How does $500/acre compare, on a per year basis, to the original bonus paid by DeLargo, or the additional bonus paid on the extensions included in the lease? You can try countering at the bonus amount you would “consider”, or say you’d be willing to take the $500 for an extra 2.5% royalty, or other changes that wouldn’t raise their up-front lease cost.
If Marathon won’t negotiate you’ll need to judge how much potential competition they might have for your acreage. How much mineral interest you own, whether it is the full interest or a fractional undivided interest in a tract, and how much acreage Marathon controls around you, could make a difference.
It looks like that Comanche unit, and the Shiner unit Marathon also operates, bracket the east and west sides of town, and Penn Virginia (now called Ranger) controls the areas to the north and the south. Beyond them it may be hard for anyone to put together enough contiguous acreage to form a large unit required to drill horizontal wells.
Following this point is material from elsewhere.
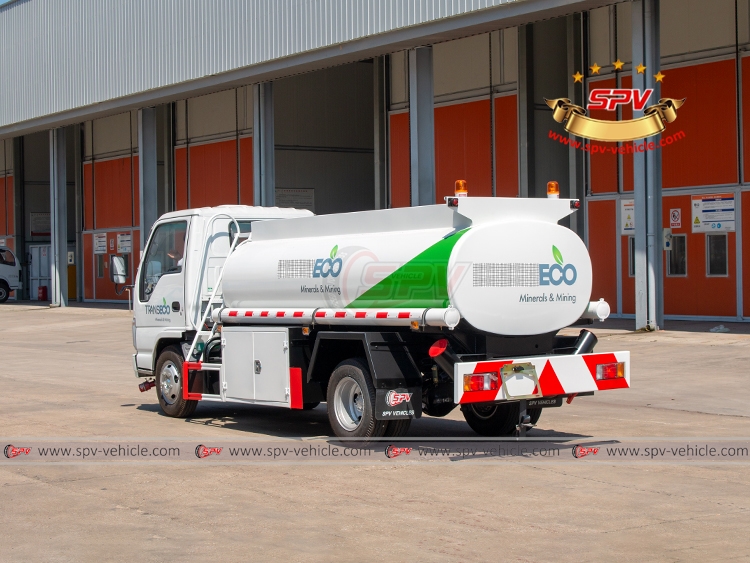 4,000 Litres Refueling Tank Truck ISUZU - LB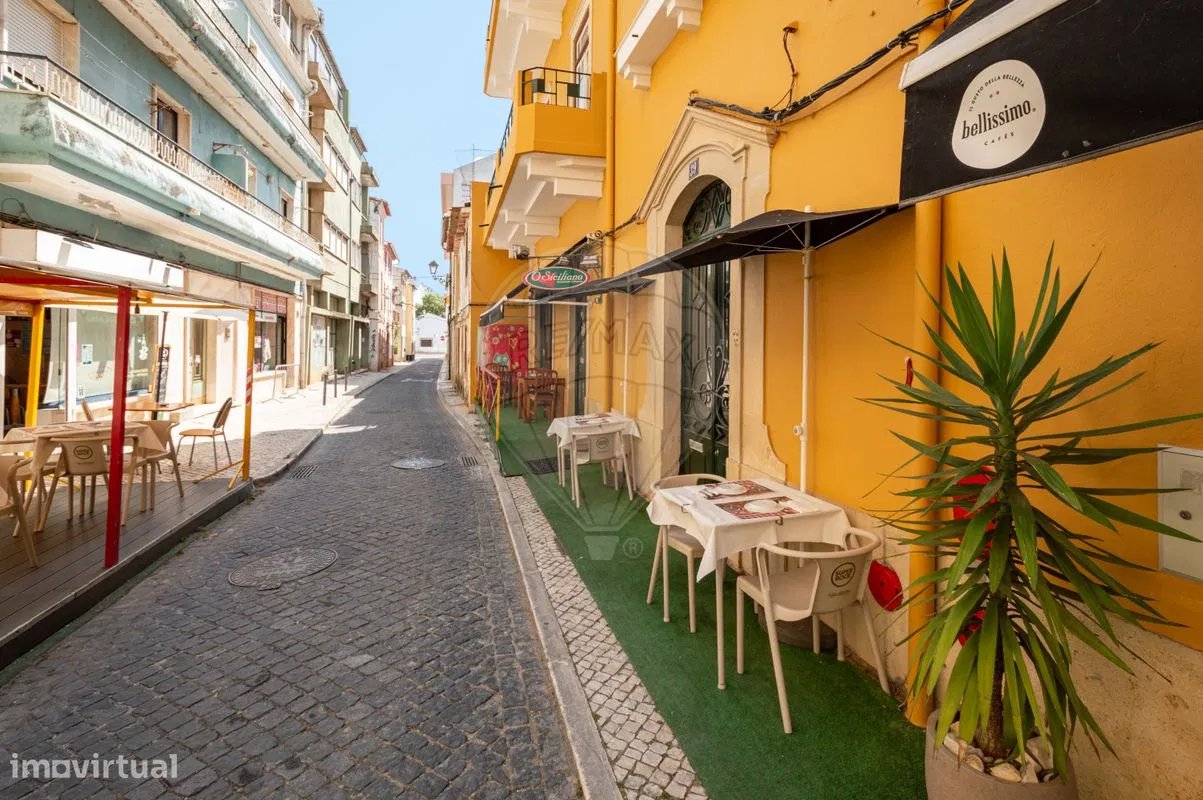Commercial for sale, Santarém (São João Baptista, Portugal)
If you are willing to do some research, determine who owns the adjoining mineral interest around you and try contacting, particularly the large interests who are also be under lease to Marathon and not HBP. Propose sharing information and possibly agreeing to negotiate as a group on extensions or future leasing.
$500/acre for only 1 year is a good offer…and Marathon usually never goes over 20% royalty. There are not many players left looking to lease in that area, so really no competition to drive up prices. In my opinion, the deal looks good…and with only wanting 1 year extension they must have plans to drill ASAP…the money is in the royalty of a drilled lease…consider yourself lucky that they want to drill and lease…other drillers in the area are mainly just drilling out existing units and not leasing anymore…just look at the county records…
Another option is to give Marathon your terms, and if they won’t negotiate be an unleased mineral owner. As long as your terms are reasonable, I think they will move instead of dealing with you as unleased.
In this insane political environment there are some tough decisions to make. In this area, IMO, $500 for one year is definitely workable; but, at $100 to $150 or even higher oil prices, 20% is way too low. Push for 25% royalty!
I’d contact Gary Schroeder (lawyer) in Gonzales for an opinion. He assisted me in a similar situation with Penn Virginia (now Ranger Oil) and what was proposed and what was agreed upon were quite different in my favor. And if anything, I’d work a higher royalty percentage as an additional 2% royalty equates to a 10% increase in your production payments because you are starting from 20%. So that extra 2 percentage points is actually 10% more than the original offer and over the years it adds up. Anyway, best wishes.